━━━ Working data ━━━

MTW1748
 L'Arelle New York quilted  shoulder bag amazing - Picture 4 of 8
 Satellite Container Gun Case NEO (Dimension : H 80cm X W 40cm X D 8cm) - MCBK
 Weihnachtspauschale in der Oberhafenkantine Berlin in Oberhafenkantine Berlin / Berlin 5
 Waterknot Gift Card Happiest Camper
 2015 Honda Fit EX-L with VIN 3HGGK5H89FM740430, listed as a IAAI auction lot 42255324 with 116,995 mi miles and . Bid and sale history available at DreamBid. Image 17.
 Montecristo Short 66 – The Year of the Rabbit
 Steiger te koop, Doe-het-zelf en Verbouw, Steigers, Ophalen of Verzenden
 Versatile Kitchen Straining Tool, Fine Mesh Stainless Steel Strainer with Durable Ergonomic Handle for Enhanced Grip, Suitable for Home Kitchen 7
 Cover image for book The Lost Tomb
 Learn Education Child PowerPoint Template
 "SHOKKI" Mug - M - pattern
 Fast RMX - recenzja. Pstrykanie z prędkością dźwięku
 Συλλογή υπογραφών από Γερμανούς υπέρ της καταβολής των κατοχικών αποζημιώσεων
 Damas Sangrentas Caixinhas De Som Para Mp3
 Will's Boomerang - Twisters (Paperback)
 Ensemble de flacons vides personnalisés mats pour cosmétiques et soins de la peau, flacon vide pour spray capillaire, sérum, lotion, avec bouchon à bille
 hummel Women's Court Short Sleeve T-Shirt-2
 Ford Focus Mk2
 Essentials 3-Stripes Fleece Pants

━━━

**What the exercise asks**
Beginning with the line that holds "Will's Boomerang - Twisters (Paperback)", please give again each line exactly until the records end, and include that final line.

**Answer space**
 Will's Boomerang - Twisters (Paperback)
 Ensemble de flacons vides personnalisés mats pour cosmétiques et soins de la peau, flacon vide pour spray capillaire, sérum, lotion, avec bouchon à bille
 hummel Women's Court Short Sleeve T-Shirt-2
 Ford Focus Mk2
 Essentials 3-Stripes Fleece Pants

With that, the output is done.